I try to help parents learn to create a supportive environment that will allow their children to make choices that will lead them to happiness and success on their own terms.
But as you noted, children do need and look for boundaries and limits to push against, even though they might never tell us so. It has been my observation and experience that too many choices, and not enough structure, leads to lost, angry, unhappy, out of control, kids and teenagers.
One thing that I appreciate about Chua’s book, and all the hype, is that it has spurred what to me is an important discussion and examination among parents and educators about what it is our children need, what we want for them, and how we want to parent/educate them to achieve our goals. I hope the discussion will continue in a positive way.
Christina
January 31, 2011 @ 9:22 pm
Hi Denise,
I haven’t read the book, no–but from what I’ve heard, it does indeed seem like the marketing gimmick was well planned. I admire you for being able to set limits and boundaries with your boys. I’m kind of a softie–partly because that’s who I am, partly because my particular kids are especially stubborn, strong-willed, and even oppositional. I’d really be curious to see Amy Chua parent my kids–esp the older one.
Having 50/50 custody is also a challenge.
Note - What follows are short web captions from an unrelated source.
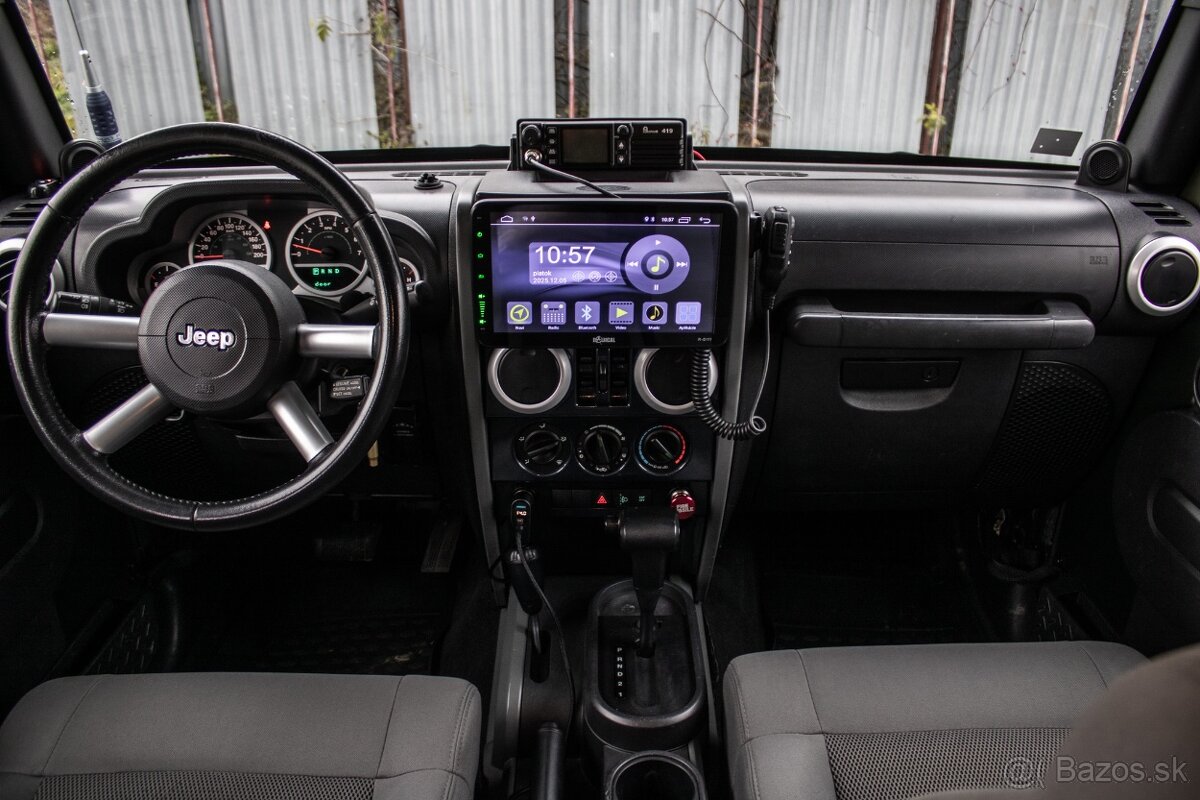 Jeep Wrangler 3.8 V6 - 11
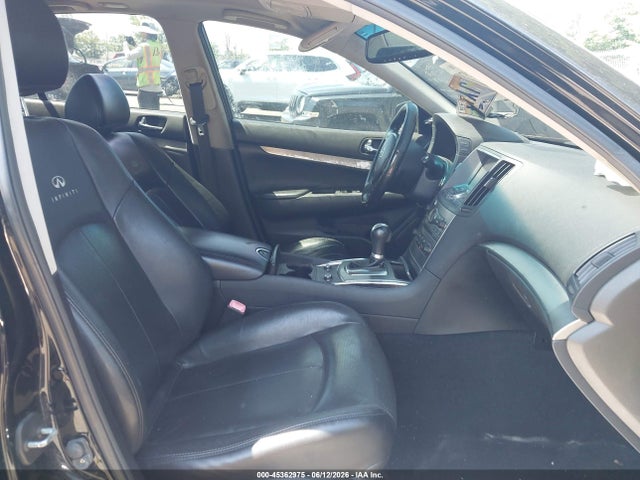 Продажа на аукционе авто 2013 Infiniti G37 Journey, vin: JN1CV6AP9DM304765, номер лота: 45362975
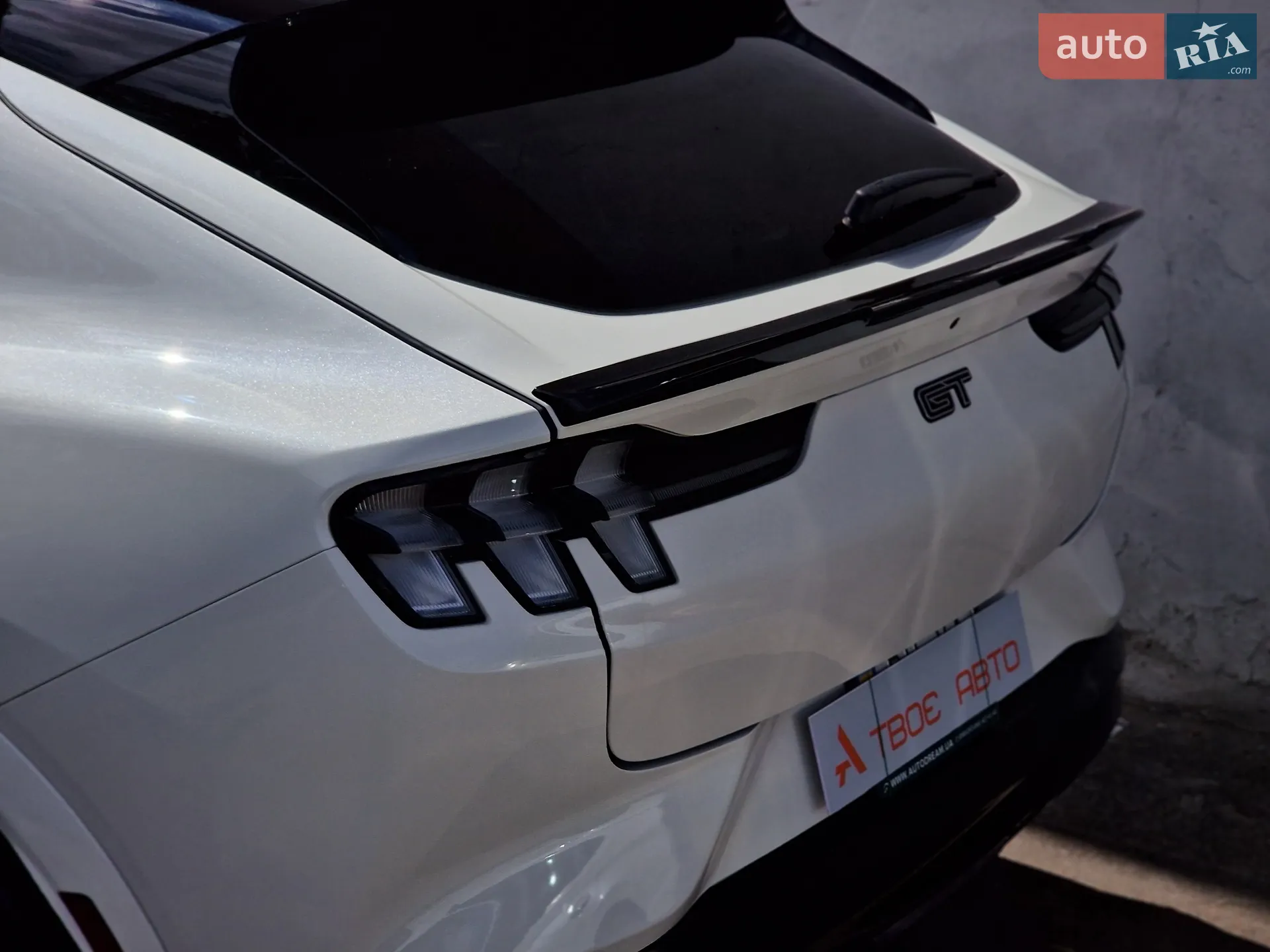 2021 Ford Mustang Mach-E - мініатюра 39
My ex is tougher on our kids–for which I am grateful–but then I turn into more like the grandma, who spoils them a bit too much at times.
Anyway–all very interesting to ponder. Thanks for the interesting thoughts.
Dina Santorelli
February 6, 2011 @ 4:26 pm
Although it appears I’m kinda odd mom out, I thoroughly enjoyed this book. Laughed. Cringed. Laughed. Cringed. At no time while reading, did I ever think that Amy Chua did not love her children. I thought she was a kook, extreme, went overboard — all things that she herself admitted to — but who among us hasn’t done that in one way or another? I think she learned a lot about herself and her criticism of others, particularly “Western” parents. I agree that it really is more of a memoir than the “how-to” guide to Chinese parenting that the media would lead everyone to believe. I have no problem with its length, the margins, or any of that. For me, it was an honest telling of one woman’s parenting story, which, for me, came across as very refreshing. However, I do agree that, at the end, it seems she didn’t quite know how to wrap things up. But other than that I found it to be an entertaining read.